╔══
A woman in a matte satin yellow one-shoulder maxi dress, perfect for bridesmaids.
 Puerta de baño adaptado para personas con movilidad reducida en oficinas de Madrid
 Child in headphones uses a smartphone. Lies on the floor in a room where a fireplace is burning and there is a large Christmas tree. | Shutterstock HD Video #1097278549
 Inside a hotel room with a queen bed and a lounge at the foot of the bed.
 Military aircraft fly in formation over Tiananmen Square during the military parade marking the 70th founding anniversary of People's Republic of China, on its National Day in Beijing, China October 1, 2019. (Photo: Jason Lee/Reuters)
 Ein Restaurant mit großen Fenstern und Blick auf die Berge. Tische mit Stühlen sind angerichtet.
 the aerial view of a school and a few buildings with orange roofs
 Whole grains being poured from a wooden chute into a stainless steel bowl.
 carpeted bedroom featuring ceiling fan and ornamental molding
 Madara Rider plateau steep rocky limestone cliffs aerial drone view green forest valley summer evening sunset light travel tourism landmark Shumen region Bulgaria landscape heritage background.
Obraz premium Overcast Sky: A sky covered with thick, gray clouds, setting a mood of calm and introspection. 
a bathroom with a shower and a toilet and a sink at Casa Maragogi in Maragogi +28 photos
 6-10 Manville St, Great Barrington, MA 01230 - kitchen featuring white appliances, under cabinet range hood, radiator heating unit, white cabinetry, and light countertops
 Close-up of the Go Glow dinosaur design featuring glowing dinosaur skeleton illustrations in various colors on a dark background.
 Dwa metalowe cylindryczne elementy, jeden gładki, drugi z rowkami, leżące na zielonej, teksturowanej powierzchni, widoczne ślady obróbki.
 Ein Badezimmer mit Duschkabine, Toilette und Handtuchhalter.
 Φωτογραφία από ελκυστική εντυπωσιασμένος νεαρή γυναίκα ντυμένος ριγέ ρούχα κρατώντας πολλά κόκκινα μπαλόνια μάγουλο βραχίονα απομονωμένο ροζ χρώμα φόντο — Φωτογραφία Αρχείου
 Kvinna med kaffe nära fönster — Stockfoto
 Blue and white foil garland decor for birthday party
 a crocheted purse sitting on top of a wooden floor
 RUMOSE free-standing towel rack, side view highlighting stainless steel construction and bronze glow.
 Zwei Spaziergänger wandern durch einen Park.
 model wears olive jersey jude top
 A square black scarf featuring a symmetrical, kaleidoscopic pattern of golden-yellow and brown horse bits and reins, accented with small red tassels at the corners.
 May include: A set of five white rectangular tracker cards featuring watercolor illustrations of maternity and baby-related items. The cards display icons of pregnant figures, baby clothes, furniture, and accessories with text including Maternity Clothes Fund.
╚══
§ Work instructions: Each line containing the word "aerial" must be pulled from the listing and copied.

§ Problem solution:
 the aerial view of a school and a few buildings with orange roofs
 Madara Rider plateau steep rocky limestone cliffs aerial drone view green forest valley summer evening sunset light travel tourism landmark Shumen region Bulgaria landscape heritage background.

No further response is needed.